La pausa dio pie a la famosa y atemporal Pavane pour une infante défunte que resonó en la Pau Casals con equilibrio justo entre ligereza y cuerpo orquestal. Le siguió el turno al Montsalvatge más “caribeño” con sus célebres Cinco canciones negras, de nuevo con la invitada Fluer Barron, ahora vestida de negro y destellos dispuesta a arrancar sonrisas a los oyentes. Destacaron la puntillista habanera, donde Barron sacó su lado más teatral y la tragicómica Chevere. La cantante inglesa de origen singapurense, defendió su español mientras Morlot y su orquesta disfrutaban visiblemente recreando el folclore cubano, desde la trompeta con sordina al percusionista del güiro, destacando la Canción de cuna y el Canto negro.

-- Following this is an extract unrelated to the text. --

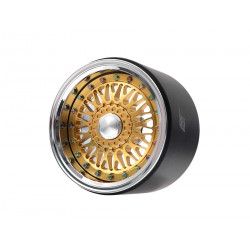 Boom Racing BRPB2209CRGD-EW ProBuild 2.2" Extra Wide R01 Mesh Adjustable Offset Aluminum Beadlock Wheels (2) Chrome/Gold
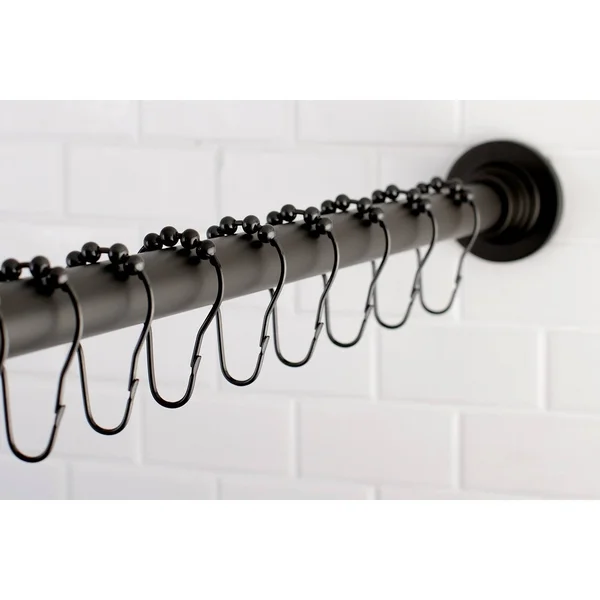 Edenscape Adjustable Shower Curtain Rod with Ring Combo - Brushed Nickel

Otra pincelada de L’Auditori, la grabación integral de las obras sinfónicas de Ravel, fue la encargada de cerrar la velada, la Suite no. 2 de la monumental Dafnis y Cloe. El conjuro bucólico y apasionado de este clásico hecho música, se adueñó de la sala con facilidad gracias a una orquesta que ya degusta las mieles de las intensas sesiones de grabación. Morlot sumergió a la audiencia en un mar de texturas, en el que destacaron las maderas solistas, especialmente en el Lever du jour y Pantomime; y una sección de cuerdas que compensó la ausencia coral. El dominio absoluto de los tempi y las intervenciones individuales sumaron a favor de una interpretación inmejorable, propia de una orquesta y un director que no temen a la grandeza, y que conectó con el público con un apabullante final generoso en decibelios, que enloqueció al público del sábado. Solo la exquisita primera Gymnopédie –orquestada por Debussy– pudo calmar tamaña exaltación.